■ Exercise aim ■
Among the records below, find the line that has "Gisdo Travel Size"; from there, give the lines again exactly, and stop after the line that has "Voorbeeld van de".

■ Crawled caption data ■
※

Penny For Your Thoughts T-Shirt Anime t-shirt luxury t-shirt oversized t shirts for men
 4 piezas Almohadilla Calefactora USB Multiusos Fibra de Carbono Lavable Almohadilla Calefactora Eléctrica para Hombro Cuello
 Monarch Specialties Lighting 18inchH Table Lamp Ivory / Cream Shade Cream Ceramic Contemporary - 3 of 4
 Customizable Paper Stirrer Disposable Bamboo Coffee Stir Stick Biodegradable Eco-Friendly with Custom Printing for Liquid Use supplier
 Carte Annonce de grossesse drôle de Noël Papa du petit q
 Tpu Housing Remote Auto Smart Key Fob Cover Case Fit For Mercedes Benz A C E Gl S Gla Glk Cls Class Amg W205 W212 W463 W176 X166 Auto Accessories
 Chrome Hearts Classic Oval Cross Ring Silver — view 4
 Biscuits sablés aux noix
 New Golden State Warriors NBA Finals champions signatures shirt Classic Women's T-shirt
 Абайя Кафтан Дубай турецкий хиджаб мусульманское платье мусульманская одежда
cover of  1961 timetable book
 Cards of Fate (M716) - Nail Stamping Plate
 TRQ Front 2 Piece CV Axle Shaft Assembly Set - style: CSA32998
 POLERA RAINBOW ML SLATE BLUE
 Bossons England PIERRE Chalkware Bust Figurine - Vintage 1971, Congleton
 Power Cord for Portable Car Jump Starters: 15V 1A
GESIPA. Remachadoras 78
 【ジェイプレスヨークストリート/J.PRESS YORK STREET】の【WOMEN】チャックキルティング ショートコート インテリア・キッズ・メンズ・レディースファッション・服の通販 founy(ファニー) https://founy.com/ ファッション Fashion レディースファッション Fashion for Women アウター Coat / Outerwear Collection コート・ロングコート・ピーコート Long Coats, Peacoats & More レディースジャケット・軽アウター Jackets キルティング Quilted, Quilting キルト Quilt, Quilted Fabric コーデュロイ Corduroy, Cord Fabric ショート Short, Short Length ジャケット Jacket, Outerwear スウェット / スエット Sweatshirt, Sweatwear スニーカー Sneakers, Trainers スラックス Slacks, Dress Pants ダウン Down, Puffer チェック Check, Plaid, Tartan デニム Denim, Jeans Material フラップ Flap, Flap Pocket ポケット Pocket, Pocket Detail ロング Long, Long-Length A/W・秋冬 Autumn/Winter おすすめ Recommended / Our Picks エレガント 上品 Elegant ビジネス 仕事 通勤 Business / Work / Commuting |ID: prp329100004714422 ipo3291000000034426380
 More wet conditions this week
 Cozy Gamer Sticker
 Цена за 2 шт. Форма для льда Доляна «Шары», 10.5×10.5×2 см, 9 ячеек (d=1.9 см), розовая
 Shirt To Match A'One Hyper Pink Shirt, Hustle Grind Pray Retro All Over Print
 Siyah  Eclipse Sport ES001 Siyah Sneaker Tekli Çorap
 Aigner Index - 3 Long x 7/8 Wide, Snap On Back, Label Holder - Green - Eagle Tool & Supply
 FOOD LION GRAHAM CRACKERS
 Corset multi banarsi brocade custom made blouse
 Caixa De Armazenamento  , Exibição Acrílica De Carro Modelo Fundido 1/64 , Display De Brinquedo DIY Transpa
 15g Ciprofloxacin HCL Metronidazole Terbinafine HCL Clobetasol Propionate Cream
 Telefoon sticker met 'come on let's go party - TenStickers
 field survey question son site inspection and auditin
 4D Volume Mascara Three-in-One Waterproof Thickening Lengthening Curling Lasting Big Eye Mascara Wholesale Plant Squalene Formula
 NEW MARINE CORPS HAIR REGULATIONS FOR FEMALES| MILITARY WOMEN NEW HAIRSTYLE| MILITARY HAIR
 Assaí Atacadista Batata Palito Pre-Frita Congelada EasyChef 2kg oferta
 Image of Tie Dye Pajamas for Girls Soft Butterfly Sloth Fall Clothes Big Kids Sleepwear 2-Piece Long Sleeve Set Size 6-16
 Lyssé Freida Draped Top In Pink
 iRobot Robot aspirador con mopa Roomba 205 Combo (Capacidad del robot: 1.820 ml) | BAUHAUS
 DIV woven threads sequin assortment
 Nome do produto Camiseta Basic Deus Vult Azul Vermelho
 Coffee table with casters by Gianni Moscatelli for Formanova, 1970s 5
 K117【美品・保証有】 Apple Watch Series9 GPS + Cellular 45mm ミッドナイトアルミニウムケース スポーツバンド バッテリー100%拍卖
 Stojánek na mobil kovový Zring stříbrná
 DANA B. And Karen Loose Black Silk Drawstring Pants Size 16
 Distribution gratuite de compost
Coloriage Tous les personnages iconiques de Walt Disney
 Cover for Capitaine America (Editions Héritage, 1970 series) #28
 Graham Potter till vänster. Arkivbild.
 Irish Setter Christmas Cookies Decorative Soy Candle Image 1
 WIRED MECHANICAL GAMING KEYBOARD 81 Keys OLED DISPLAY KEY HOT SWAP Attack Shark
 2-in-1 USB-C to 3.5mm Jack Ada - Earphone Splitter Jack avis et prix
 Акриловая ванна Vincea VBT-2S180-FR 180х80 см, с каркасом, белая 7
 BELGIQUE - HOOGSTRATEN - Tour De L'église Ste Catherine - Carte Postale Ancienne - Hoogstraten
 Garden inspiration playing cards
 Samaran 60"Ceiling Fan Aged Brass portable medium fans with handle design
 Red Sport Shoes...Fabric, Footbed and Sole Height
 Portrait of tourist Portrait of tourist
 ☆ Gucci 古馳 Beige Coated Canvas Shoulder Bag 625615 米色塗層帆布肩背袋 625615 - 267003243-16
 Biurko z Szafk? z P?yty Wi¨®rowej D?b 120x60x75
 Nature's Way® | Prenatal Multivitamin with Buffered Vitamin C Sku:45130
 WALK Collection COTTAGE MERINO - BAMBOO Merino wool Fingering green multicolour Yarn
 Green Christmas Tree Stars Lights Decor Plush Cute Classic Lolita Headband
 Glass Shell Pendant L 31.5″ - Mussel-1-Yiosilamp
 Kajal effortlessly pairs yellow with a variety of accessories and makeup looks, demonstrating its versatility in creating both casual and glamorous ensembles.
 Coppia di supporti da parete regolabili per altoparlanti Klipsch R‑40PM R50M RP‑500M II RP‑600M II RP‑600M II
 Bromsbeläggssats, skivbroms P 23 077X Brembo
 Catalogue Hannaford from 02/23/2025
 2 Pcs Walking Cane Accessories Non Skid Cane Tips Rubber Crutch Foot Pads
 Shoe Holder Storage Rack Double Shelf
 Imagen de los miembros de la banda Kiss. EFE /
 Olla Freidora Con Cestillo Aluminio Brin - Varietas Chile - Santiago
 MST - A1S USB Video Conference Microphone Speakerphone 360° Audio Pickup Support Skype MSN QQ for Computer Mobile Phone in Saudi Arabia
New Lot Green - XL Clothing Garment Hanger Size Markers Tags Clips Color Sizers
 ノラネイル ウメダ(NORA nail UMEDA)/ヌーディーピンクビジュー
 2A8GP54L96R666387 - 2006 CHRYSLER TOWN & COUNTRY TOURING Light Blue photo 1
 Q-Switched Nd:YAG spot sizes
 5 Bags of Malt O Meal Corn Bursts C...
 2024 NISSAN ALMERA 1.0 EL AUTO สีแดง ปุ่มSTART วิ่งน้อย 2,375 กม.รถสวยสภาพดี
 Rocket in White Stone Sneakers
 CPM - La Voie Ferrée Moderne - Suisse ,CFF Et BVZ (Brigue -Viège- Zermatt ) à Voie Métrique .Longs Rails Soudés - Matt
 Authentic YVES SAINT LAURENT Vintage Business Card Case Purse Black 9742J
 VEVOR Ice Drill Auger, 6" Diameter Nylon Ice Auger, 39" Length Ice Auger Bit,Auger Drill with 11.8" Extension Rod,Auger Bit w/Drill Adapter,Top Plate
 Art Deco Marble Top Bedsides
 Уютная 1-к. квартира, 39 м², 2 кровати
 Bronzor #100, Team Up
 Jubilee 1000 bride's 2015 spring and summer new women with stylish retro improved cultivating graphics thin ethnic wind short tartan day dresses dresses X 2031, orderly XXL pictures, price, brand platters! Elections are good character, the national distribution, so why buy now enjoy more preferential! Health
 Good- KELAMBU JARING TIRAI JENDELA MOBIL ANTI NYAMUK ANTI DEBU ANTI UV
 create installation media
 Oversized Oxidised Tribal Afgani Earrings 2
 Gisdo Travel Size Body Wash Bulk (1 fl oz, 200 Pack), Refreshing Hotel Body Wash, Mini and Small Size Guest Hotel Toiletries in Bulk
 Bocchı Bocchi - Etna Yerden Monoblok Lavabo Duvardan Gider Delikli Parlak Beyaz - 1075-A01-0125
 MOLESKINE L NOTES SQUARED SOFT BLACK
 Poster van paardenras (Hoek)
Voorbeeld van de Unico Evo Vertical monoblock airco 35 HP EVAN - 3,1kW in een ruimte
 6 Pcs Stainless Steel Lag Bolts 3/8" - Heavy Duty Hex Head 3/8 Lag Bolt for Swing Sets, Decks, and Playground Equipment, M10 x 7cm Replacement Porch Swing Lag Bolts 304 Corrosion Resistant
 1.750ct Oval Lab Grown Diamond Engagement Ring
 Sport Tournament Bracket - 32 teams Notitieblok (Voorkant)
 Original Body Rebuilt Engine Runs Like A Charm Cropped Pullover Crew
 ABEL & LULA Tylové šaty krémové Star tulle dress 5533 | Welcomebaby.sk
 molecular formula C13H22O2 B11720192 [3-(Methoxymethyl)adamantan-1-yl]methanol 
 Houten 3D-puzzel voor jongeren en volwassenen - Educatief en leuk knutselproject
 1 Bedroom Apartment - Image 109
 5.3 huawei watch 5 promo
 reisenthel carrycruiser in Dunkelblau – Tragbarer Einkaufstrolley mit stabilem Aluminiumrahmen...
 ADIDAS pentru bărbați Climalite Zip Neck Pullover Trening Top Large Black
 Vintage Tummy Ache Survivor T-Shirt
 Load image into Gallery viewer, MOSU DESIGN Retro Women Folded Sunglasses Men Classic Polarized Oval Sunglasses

※

■ Expected output ■
 Gisdo Travel Size Body Wash Bulk (1 fl oz, 200 Pack), Refreshing Hotel Body Wash, Mini and Small Size Guest Hotel Toiletries in Bulk
 Bocchı Bocchi - Etna Yerden Monoblok Lavabo Duvardan Gider Delikli Parlak Beyaz - 1075-A01-0125
 MOLESKINE L NOTES SQUARED SOFT BLACK
 Poster van paardenras (Hoek)
Voorbeeld van de Unico Evo Vertical monoblock airco 35 HP EVAN - 3,1kW in een ruimte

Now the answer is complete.